> _Aim of the task_
Look through the entries for the line containing "Private Luxury Sailing". Then output that line and every line after it, exactly, to the end.

> _Data for this task_
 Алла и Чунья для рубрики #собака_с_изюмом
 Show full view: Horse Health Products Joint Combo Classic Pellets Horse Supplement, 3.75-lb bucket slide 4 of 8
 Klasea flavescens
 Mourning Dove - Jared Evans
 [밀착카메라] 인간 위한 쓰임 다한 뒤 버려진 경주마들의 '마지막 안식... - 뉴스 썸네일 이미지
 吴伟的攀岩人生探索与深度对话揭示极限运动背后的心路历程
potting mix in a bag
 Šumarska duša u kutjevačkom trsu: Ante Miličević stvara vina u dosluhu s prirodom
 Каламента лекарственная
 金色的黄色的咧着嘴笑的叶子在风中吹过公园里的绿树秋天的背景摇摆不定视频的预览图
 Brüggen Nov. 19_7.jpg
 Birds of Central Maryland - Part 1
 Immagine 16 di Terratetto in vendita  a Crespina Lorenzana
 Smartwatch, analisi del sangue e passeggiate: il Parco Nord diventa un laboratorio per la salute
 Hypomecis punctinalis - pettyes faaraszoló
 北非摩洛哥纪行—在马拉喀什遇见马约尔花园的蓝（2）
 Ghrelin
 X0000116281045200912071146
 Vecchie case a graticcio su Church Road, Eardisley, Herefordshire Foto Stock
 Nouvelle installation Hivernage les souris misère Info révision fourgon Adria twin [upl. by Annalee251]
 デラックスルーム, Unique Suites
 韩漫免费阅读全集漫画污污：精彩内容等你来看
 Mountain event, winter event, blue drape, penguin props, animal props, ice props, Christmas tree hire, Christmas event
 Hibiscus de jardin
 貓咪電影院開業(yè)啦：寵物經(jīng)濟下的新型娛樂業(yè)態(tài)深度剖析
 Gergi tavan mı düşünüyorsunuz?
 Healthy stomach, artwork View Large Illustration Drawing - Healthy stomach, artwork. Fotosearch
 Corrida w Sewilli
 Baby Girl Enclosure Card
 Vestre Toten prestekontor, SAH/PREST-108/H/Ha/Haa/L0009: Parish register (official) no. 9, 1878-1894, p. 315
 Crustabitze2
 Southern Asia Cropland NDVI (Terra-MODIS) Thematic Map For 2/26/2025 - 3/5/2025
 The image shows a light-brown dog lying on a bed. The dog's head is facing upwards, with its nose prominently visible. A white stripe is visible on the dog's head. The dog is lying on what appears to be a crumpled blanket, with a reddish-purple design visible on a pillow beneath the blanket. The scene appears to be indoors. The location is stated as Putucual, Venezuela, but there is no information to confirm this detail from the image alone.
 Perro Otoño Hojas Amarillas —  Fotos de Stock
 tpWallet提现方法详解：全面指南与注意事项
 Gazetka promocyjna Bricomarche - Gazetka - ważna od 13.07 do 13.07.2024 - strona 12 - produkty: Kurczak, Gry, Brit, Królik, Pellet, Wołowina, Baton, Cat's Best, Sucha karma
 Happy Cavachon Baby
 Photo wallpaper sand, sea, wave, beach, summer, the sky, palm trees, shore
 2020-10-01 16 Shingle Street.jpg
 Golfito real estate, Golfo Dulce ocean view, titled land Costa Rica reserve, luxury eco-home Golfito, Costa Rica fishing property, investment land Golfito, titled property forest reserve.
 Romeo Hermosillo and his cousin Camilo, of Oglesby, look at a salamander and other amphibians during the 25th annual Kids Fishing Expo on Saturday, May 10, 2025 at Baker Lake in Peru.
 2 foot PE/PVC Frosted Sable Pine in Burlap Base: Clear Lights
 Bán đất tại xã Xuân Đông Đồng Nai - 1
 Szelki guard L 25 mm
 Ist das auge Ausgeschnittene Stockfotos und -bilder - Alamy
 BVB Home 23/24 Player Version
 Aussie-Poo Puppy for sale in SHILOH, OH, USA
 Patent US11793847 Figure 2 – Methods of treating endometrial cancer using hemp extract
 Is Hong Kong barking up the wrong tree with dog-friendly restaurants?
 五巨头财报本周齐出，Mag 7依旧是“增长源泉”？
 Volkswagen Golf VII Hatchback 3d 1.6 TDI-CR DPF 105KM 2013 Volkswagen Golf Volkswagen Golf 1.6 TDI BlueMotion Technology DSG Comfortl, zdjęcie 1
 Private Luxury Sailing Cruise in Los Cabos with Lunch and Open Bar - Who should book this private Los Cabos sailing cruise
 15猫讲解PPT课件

> _Reply to the exercise_
 Private Luxury Sailing Cruise in Los Cabos with Lunch and Open Bar - Who should book this private Los Cabos sailing cruise
 15猫讲解PPT课件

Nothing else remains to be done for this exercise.